[Information provided]
··········

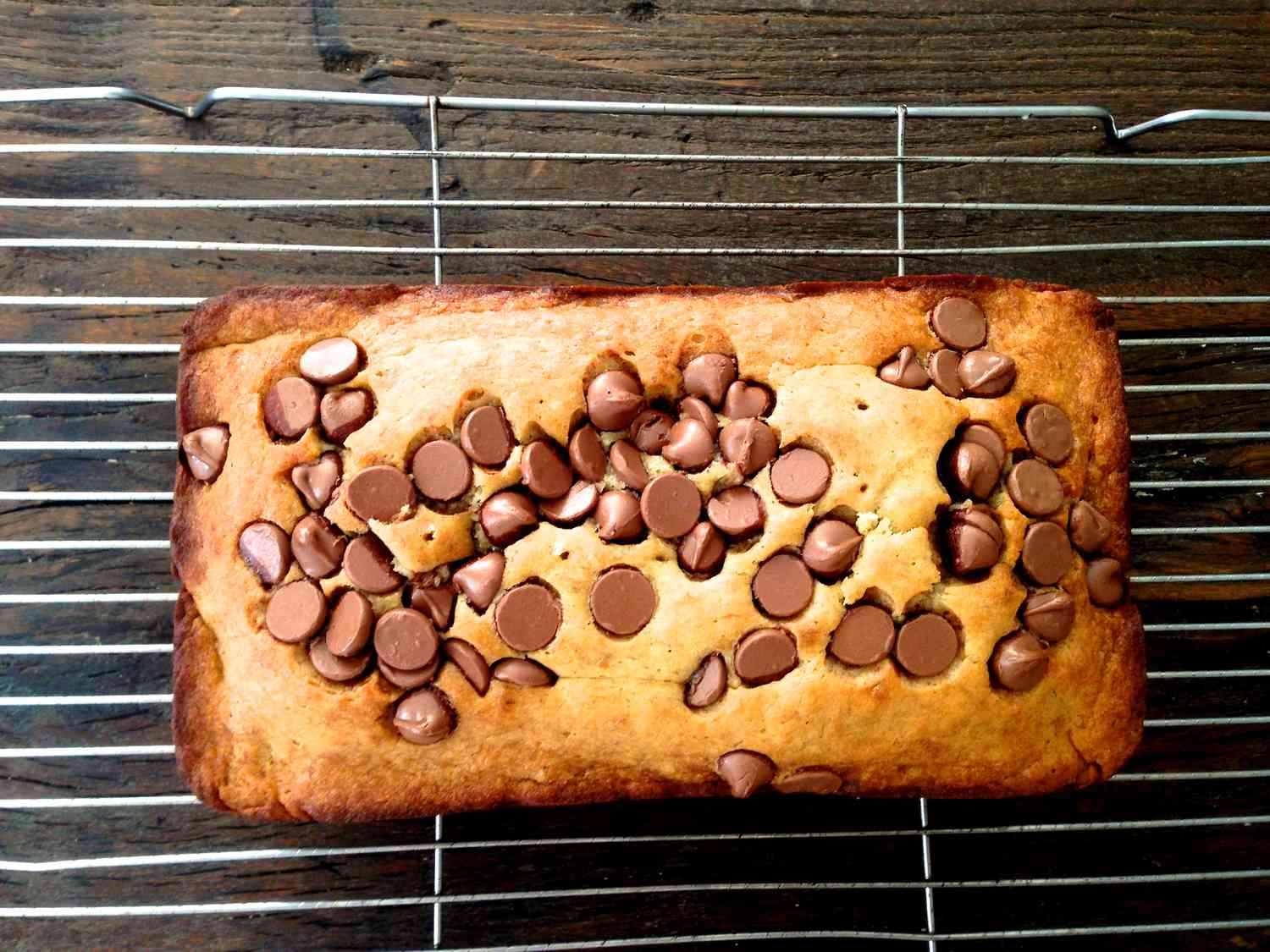 A baked chocolate chip banana bread resting on a cooling rack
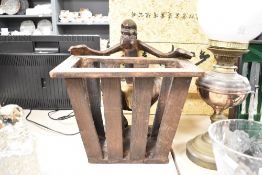 An unusual carved wooden tribal souvenier newspaper rack having Papua New Guinea figure, h38cm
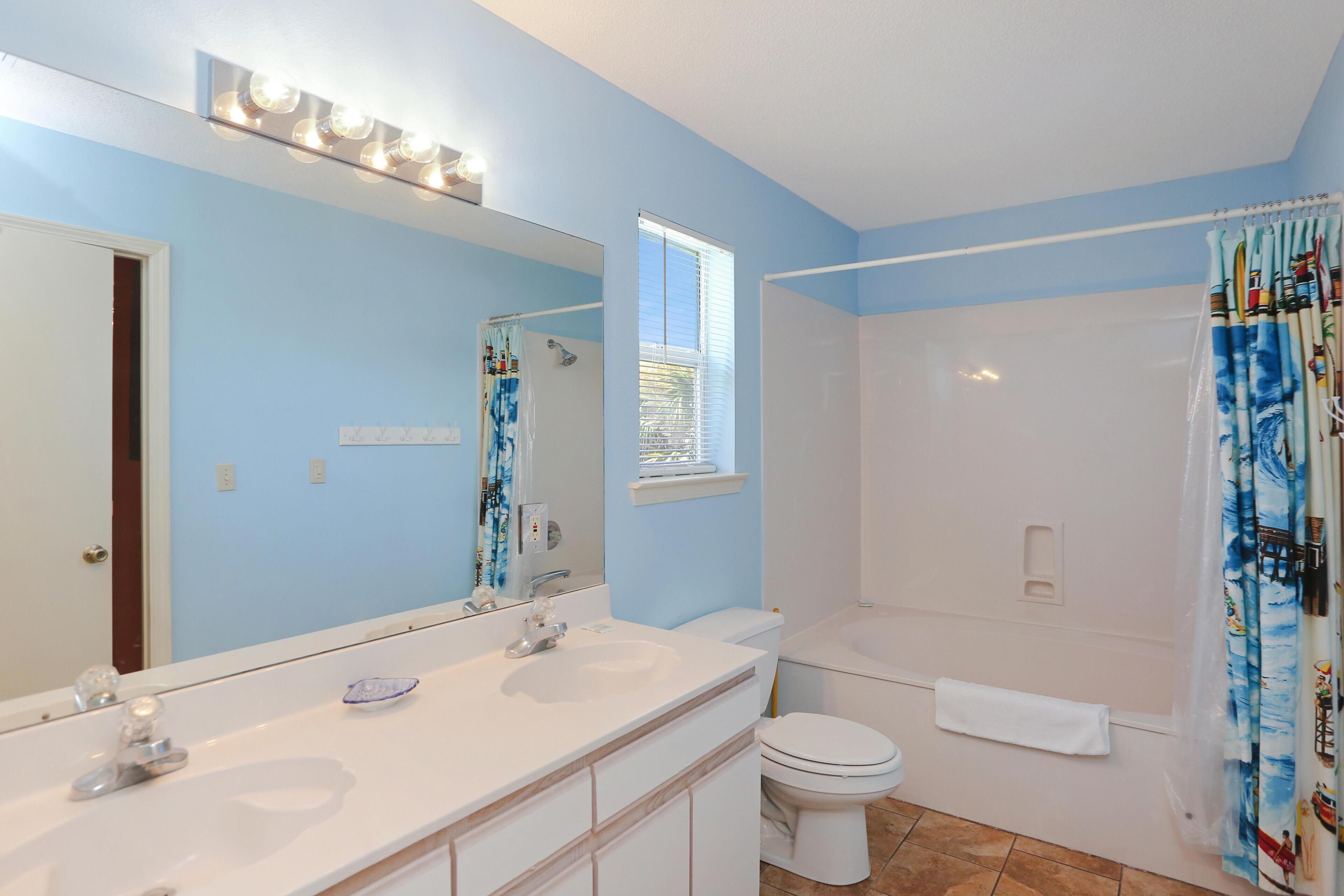 A bathroom with a double sink, a toilet, a shower, and a large mirror.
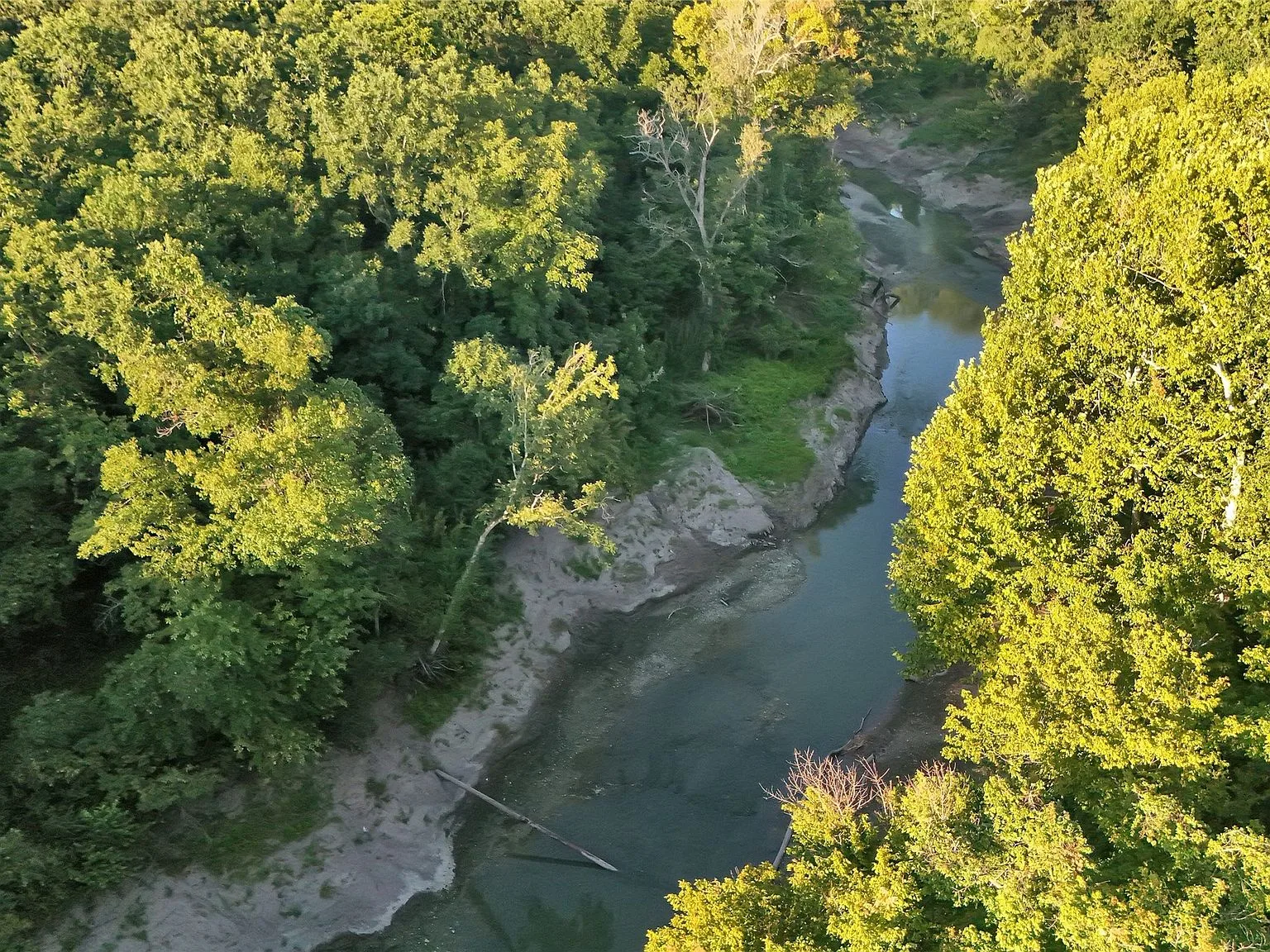 Aerial of river cutting through densely wooded forest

··········

[What to do] Every line of the listing above is to be set down verbatim, without the pictures.

[Your solution]
 A baked chocolate chip banana bread resting on a cooling rack
 An unusual carved wooden tribal souvenier newspaper rack having Papua New Guinea figure, h38cm
 A bathroom with a double sink, a toilet, a shower, and a large mirror.
 Aerial of river cutting through densely wooded forest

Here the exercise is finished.